No not a spare house.....it was the family house before the divorce and we just sold it.

But it is a "spare" CPA. Although I am i a slightly different field, I'm glad I had something to...fall back on

Posted by: bigdaddycpa | September 25, 2007 2:42 PM

I have a friend who has not worked for over 5 years - maybe longer? He had a consulting gig for about a year or so before that, and was off for a couple of years before that.

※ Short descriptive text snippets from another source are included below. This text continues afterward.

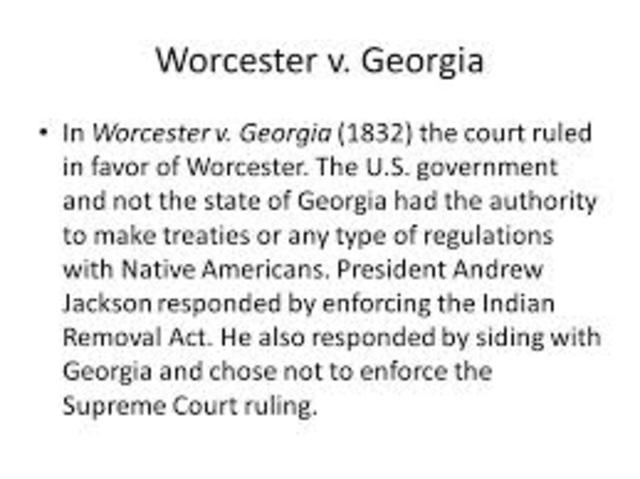 Worcester V. Georgia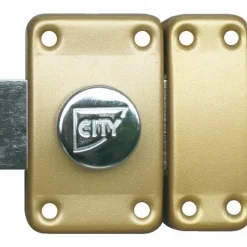 Verrou en applique à bouton et cylindre - s'entrouvrant - City25 ISEO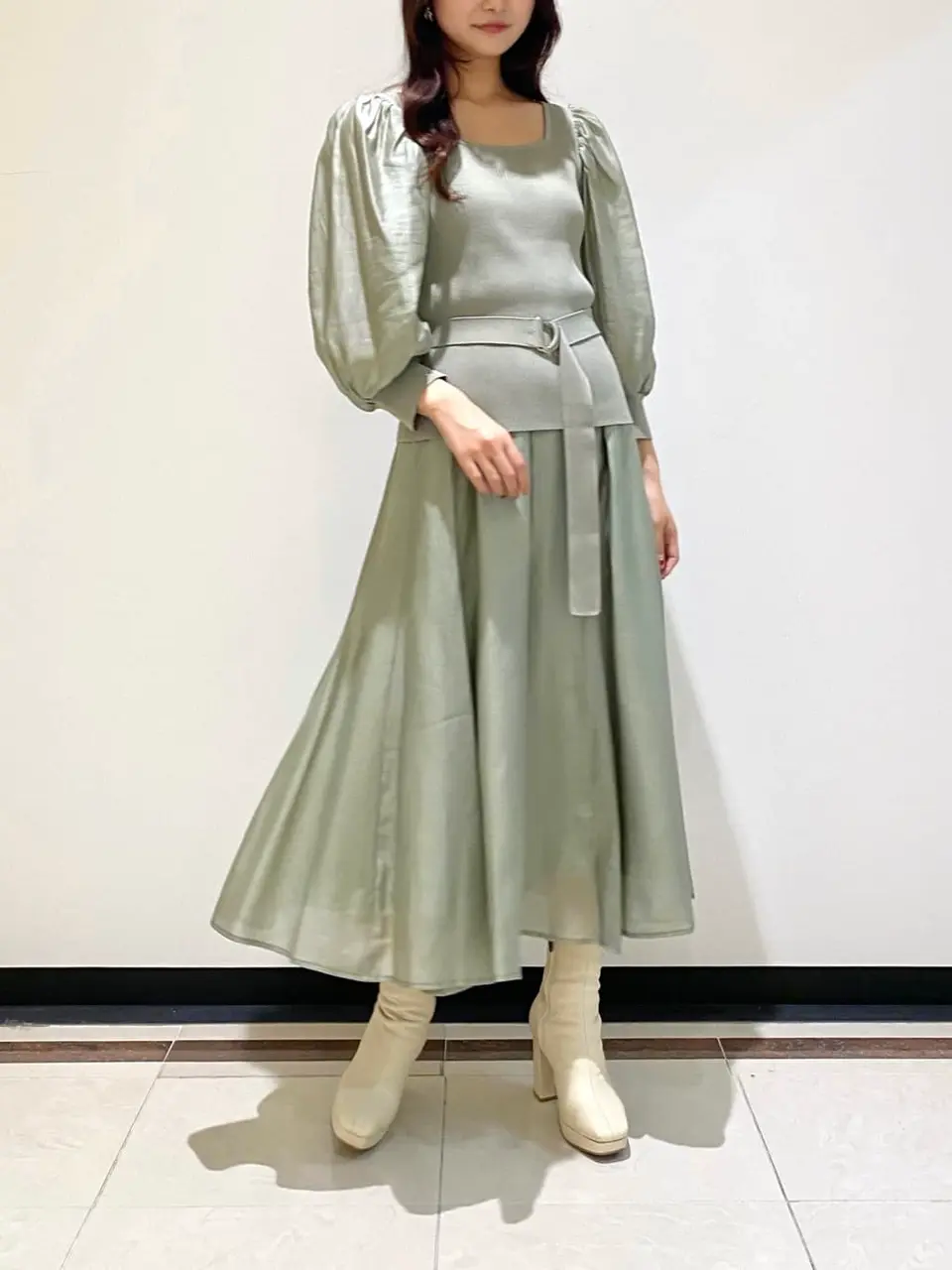 GRACE CONTINENTAL MORITA AI コーディネート画像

He never spent money on anything (except his current condo - and he's renting the other BR to someone who pays his condo fee) and made a FORTUNE in software dev. He got laid off, then hired, then laid off, and is really not so motivated to look for a job. I think for a while he was thinking: hey, I don't need the money. And now it's been so long, that he might be a little distressed (dunno).

But people do it all the time (granted, he only has himself to support, but his condo is not cheap).

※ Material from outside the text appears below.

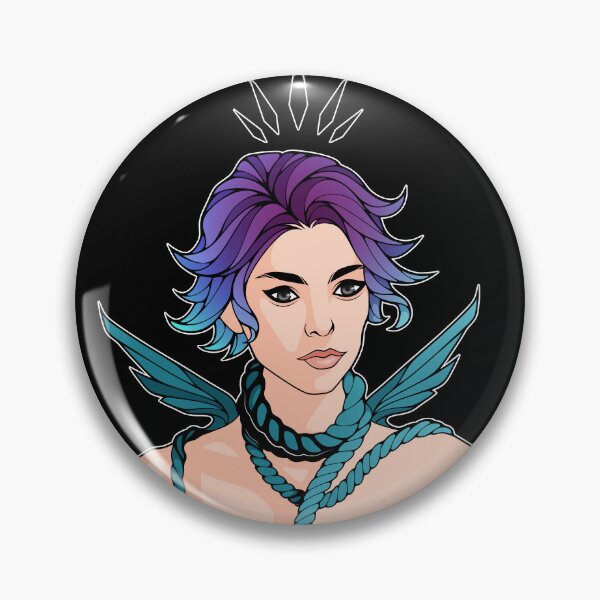 Item preview, Anime Non Binary Angel with Wings  designed and sold by ObsidianDaz.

Posted by: atlmom1234 | September 25, 2007 2:44 PM

"Sounds to me as if Rodney really did make the best of a bad situation."

Ditto, Sarahfran.

Posted by: LizaBean | September 25, 2007 2:44 PM

After years in a dead end job, my wife went back to school to finish her degree. We lived on my salary and our savings for the two years she devoted full-time to school, with the understanding that she'd then work full-time after that (which was what she wanted).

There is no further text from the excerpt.